ここで少し浦和戦から離れるが、ルヴァンカップのジュビロの試合が面白いとよく耳にする。私自身スカパーを契約していないため90分通して試合を見たことがないが、映像を見せてもらうと低い位置から少ないタッチ数でスピード感をもってゴールに迫るような攻撃が何度かあった。
私は伊藤監督がやりたい攻撃はこのような攻撃ではないかと思っている。
そんな攻撃シーンが浦和戦の53:45頃にあった。

左サイドに流れたこーすけから左SBの昌也にボールを預け、ヘルプに入った大森にワンタッチではたき、すぐさまムーブ。大森はそのままワンタッチで走り出した昌也にリターンしてモーベルク選手を置き去りにしたシーンである。
少ないタッチ数でスピード感をもってボールを動かすことができていた。
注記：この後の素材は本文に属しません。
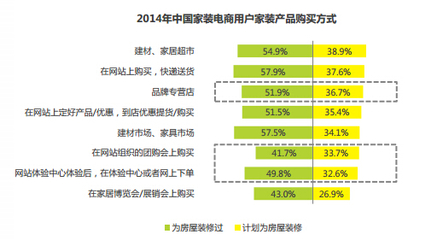 艾瑞网数据分析：2014年中国家装电商行业研究报告简版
こんな攻撃を徐々に増やしていってほしい。

浦和目線からこのシーンを見てみると昌也の対するモーベルク選手の寄せが甘いことが起因したシーンであると思う。
攻撃で比類なき能力を発揮するこのレフティーは守備面でやや甘さがあるように感じた。
そんな右サイドに対して浦和はすぐに修正を図る。
いつの日か見た懐かしの伊藤敦樹のラキティッチロールで修正を図ったように見受けられた。

伊藤敦樹がモーベルク選手の戻るべきスペースを埋め、バイタルエリアには小泉選手、江坂選手が落ちて対応しているように見受けられた。
すぐに修正できるのがリカ将率いる浦和の強さか。
いらぬ心配であるが、ユンカーと選手モーベルク選手、噂される新たな外国人FWが守備の強度の観点から共存できるのかは気になりますね…

7.最後に

スコア以上の完敗であったが、リーグ序段に自分たちの立ち位置が分かったことで実り多き一戦になったのではないかと思う。
明らかになった問題点を解決し、シーズンを終わった際にターニングポイントとなった一戦として笑って振り返ることができることを願っている。
幸いこれから代表Weekによる中断に入る。また、ブラジル五輪代表のリカルドも合流していることから伊藤ジュビロはこれからまだまだ成長・進化できると信じている。